[Study material]
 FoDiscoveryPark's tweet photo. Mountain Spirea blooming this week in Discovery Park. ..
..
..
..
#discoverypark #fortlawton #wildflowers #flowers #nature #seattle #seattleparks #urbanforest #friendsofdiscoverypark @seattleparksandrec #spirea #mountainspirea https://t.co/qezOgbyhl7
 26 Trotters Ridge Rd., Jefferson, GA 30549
==
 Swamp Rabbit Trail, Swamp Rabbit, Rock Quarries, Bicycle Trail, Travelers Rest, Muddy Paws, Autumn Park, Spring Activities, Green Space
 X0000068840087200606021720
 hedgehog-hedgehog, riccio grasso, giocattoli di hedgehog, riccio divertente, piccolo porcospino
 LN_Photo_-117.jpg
==
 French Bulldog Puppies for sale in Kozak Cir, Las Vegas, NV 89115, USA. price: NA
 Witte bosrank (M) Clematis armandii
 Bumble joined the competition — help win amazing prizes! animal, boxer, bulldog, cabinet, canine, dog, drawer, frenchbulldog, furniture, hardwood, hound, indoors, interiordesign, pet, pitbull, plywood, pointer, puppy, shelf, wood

[Work task] Could you set down, word for word, only the lines above from the line with "#discoverypark #fortlawton #wildflowers" to the line with "26 Trotters Ridge Rd., Jefferson, GA 30549", including both?

[Answer to this problem]
#discoverypark #fortlawton #wildflowers #flowers #nature #seattle #seattleparks #urbanforest #friendsofdiscoverypark @seattleparksandrec #spirea #mountainspirea https://t.co/qezOgbyhl7
 26 Trotters Ridge Rd., Jefferson, GA 30549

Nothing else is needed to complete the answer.